Segment Start: SUPPLIED RECORDS

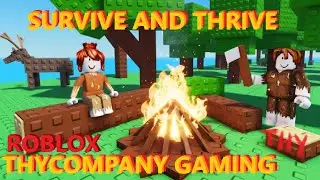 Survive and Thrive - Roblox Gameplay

Segment End: SUPPLIED RECORDS
Segment Start: SUPPLIED RECORDS

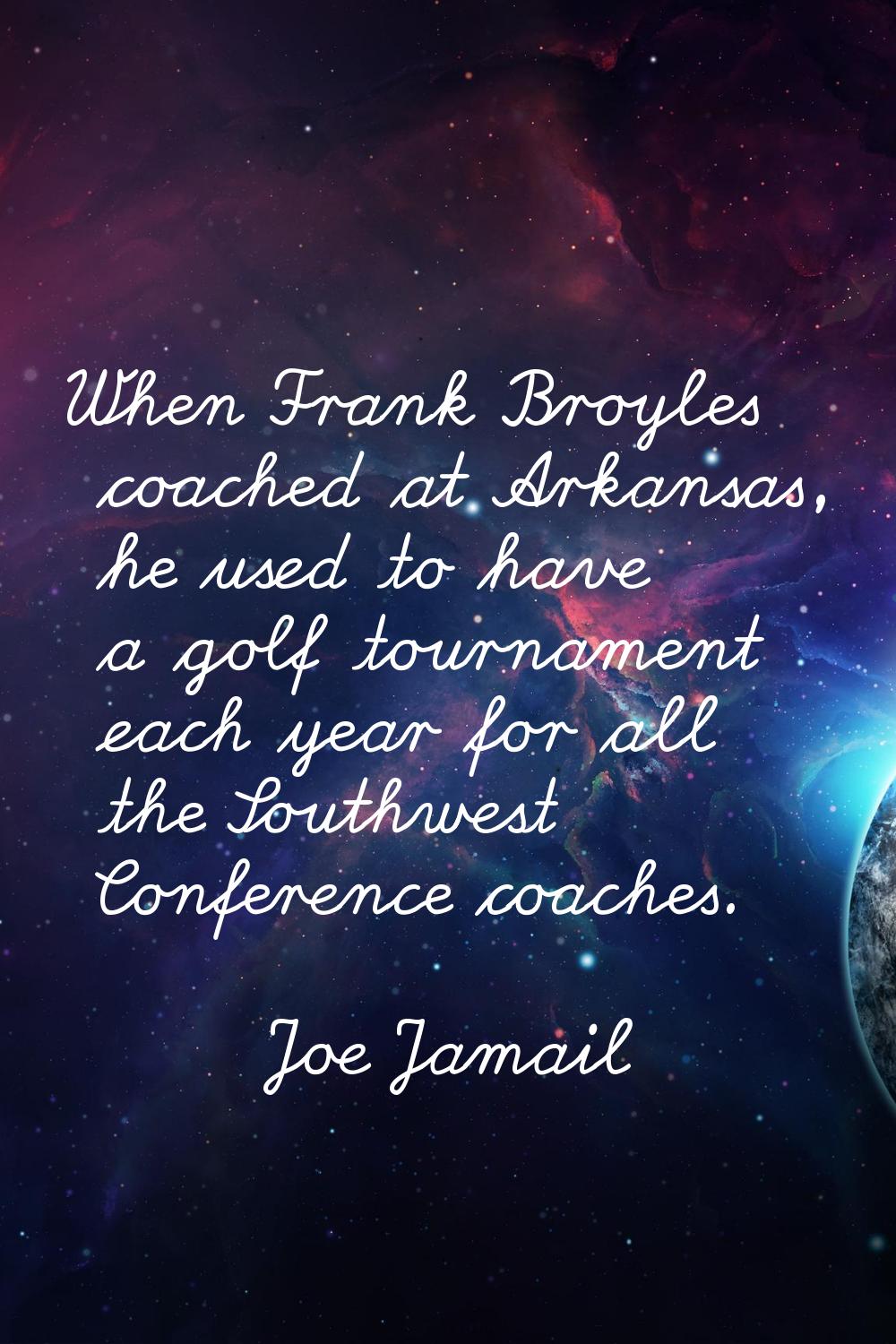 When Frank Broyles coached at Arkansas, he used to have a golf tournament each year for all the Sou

Segment End: SUPPLIED RECORDS
Segment Start: SUPPLIED RECORDS

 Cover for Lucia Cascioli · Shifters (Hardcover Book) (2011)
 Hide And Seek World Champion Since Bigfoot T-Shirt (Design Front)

Segment End: SUPPLIED RECORDS

→ TO DO:
Could you restate word for word the lines above, from the one that contains "Cover for Lucia" through the one that contains "Hide And Seek", and no others?

→ SOLUTION TO THIS TASK:
 Cover for Lucia Cascioli · Shifters (Hardcover Book) (2011)
 Hide And Seek World Champion Since Bigfoot T-Shirt (Design Front)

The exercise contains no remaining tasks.